Radny chce przejścia dla pieszych na ul. Narutowicza

i

Autor: Grzegorz Kluczyński Radny chce przejścia dla pieszych na ul. Narutowicza

Na przestrzeni kolejnych lat w okolicy wiele się zmieniło. Powstały nowe osiedla, sklepy, przystanki autobusowe. Dotychczas dość spokojna i nieco peryferyjna okolica zbliżyła się do centrum, a wręcz stała się jego częścią. Ruch pieszych znacznie się zwiększył. Zwrócił na to uwagę jeden ze szczecińskich radnych, sugerując, by stworzyć w tym miejscu przejście dla pieszych, które m.in. umożliwi mieszkańcom ulicy Kusocińskiego szybkie i bezpieczne dojście do sklepu "Biedronka". W interpelacji wystosowanej do prezydenta Szczecina Patryk Jaskulski zwraca również uwagę na dzikie przejście przez ulicę, a także na dojście do parkingu znajdującego się na pasie zieleni między jezdniami.

"Za potrzebą utworzenia przejścia dla pieszych w tym miejscu świadczy fakt, iż we wskazanej lokalizacji jest bardzo widocznie wydeptana ścieżka pomiędzy jezdniami. Dodatkowo ciągły rozwój osiedla Nowe Miasto powoduje, że ruch pieszych w tej okolicy stale rośnie. Mieszkańcy muszą mieć możliwość dojścia z zakupami z pobliskich sklepów do swoich domów w sposób jak najbardziej komfortowy i najmniej uciążliwy, szczególnie gdy niosą swoje zakupy. Dodatkowo z moich obserwacji wynika, że w tym miejscu bardzo często przechodzą osoby, które parkują swoje auta na parkingu pomiędzy jezdniami i kierują się albo w stronę sklepów albo wydziału prawa" - pisze radny.

Dodatkowo dokładnie na przeciwko budynku mieszkalnego i znajdującego się na jego parterze sklepu, zlokalizowany został przystanek autobusowy. Żeby leganie dojść do niego, trzeba pokonać ponad 270 metrów.

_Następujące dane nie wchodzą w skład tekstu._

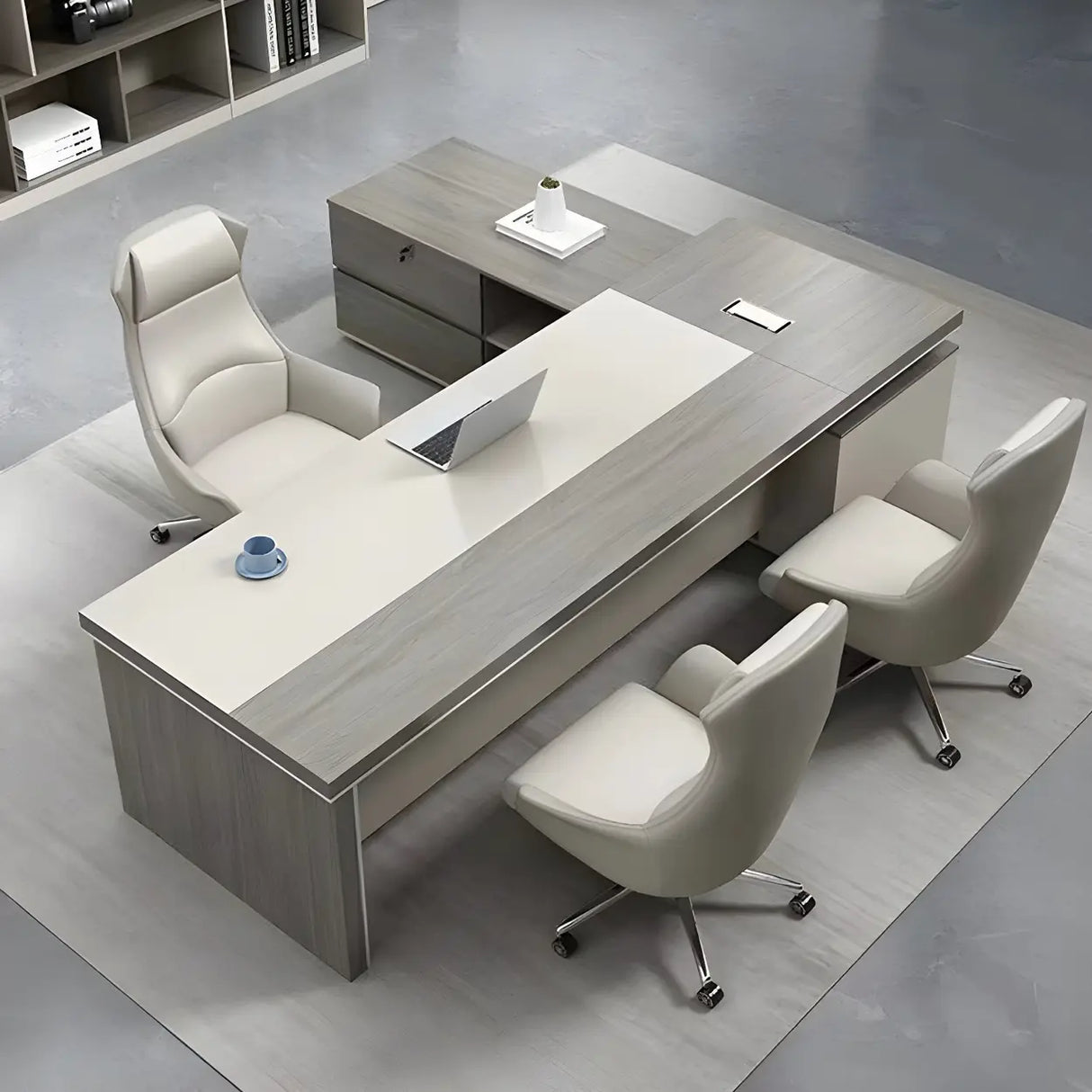 Grey Wood L-Shape Executive Desk with Exterior Shelf Image - 2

Radny chce przejścia dla pieszych na ul. Narutowicza

i

Autor: Google Earth, gk Radny chce przejścia dla pieszych na ul. Narutowicza

Jest odpowiedź miasta

Odpowiedzi na interpelację udzieliła wiceprezydent Anna Szotkowska. Jej zdaniem, przejście w tym miejscu jest niepotrzebne, gdyż piesi mogą skorzystać z przejść znajdujących się przy skrzyżowaniu z ul. Królowej Jadwigi lub za skrzyżowaniem z ul. Kopernika. Zarówno w jednym jak i w drugim przypadku trzeba pokonać kilkusetmetrowy dystans.

"Wyznaczenie dodatkowego przejścia dla pieszych w proponowanym miejscu niewątpliwie wpłynie na pogorszenie ruchu w ciągu drogi krajowej" - argumentuje wiceprezydent Szotkowska i dodaje, że "głównymi generatorami ruchu po południowej stronie ul. Narutowicza są osiedla przy ul. Głowackiego i ul. Kusocińskiego, przy których to ulicach są obecnie wyznaczone przejścia dla pieszych przez ul. Narutowicza".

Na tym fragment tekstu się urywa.